• Recorded data
---------------
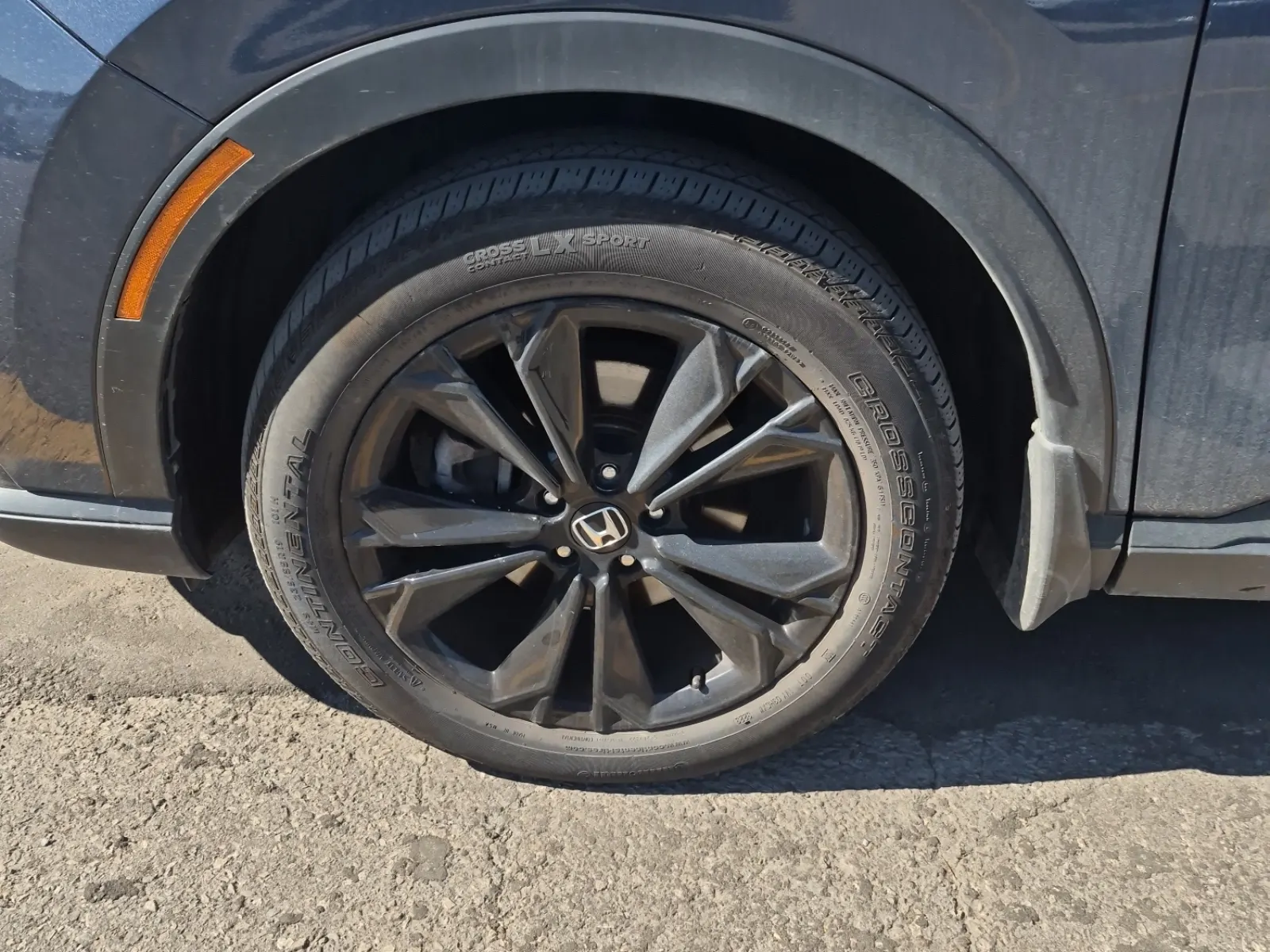 Front driver wheel/tire photo
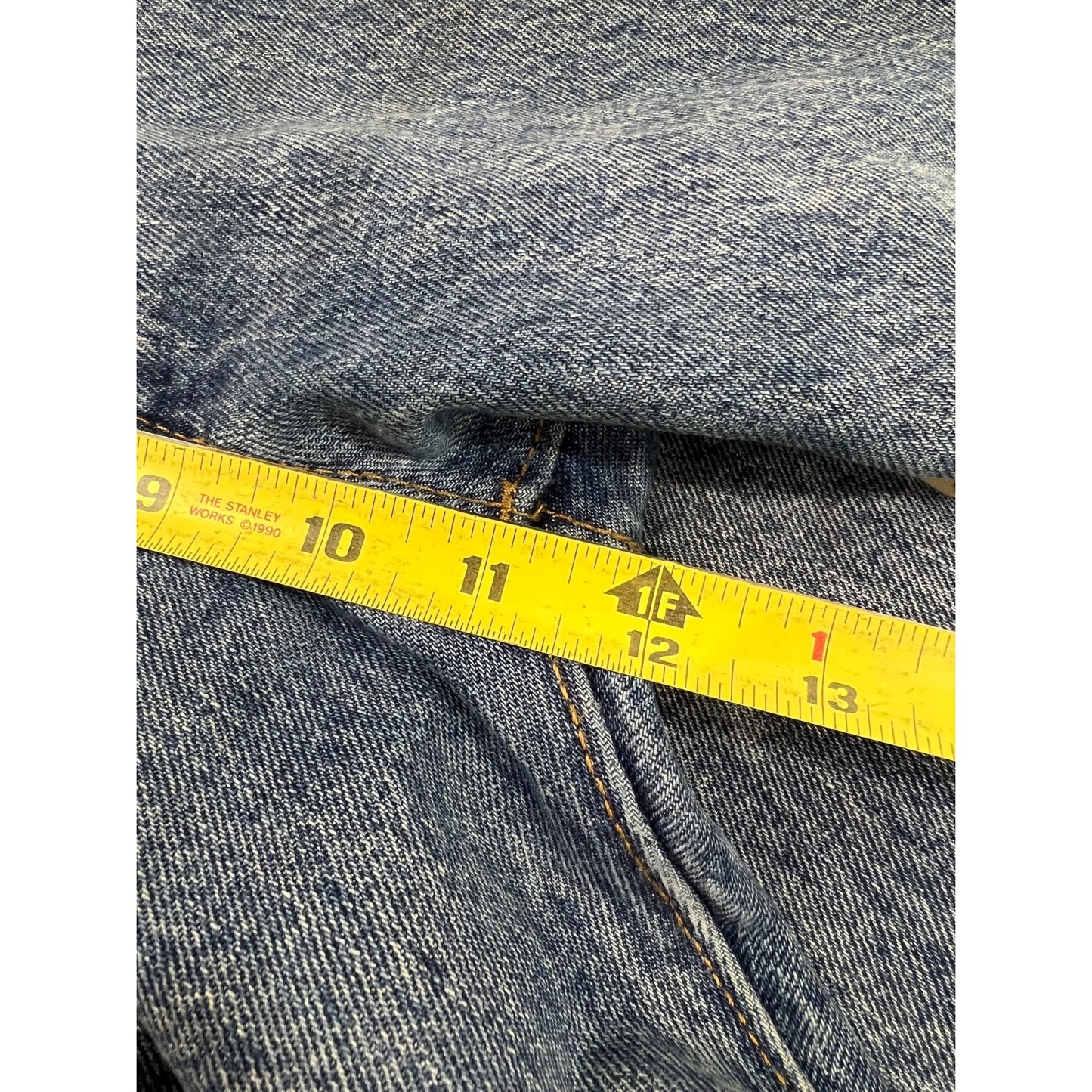 Men’s Levi’s 501 Denim Jeans Mid Blue Wash Straight Leg 32x34 Light Wear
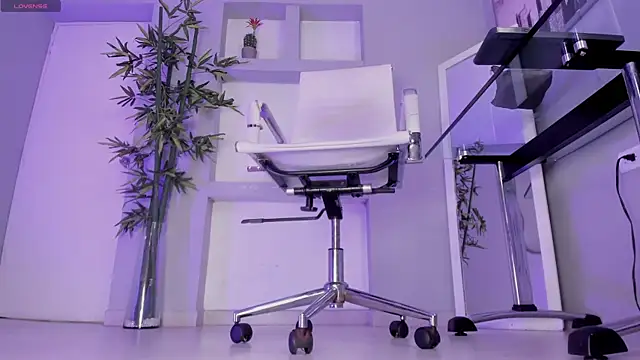 hannah howeell   online show from September 11, 2025, 9:42 am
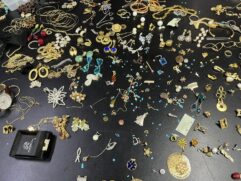 O grupo foi abordado pelos agentes, que encontraram R$ 11,8 mil, valor obtido por meio da venda do lote de objetos como anéis, pulseiras, brincos e correntes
---------------
• Task instructions
Output nothing but the lines from the one containing "Men’s Levi’s 501" to the end of the listing, both ends included, reproduced exactly. Pictures stay out.

• Answer area
 Men’s Levi’s 501 Denim Jeans Mid Blue Wash Straight Leg 32x34 Light Wear
 hannah howeell   online show from September 11, 2025, 9:42 am
 O grupo foi abordado pelos agentes, que encontraram R$ 11,8 mil, valor obtido por meio da venda do lote de objetos como anéis, pulseiras, brincos e correntes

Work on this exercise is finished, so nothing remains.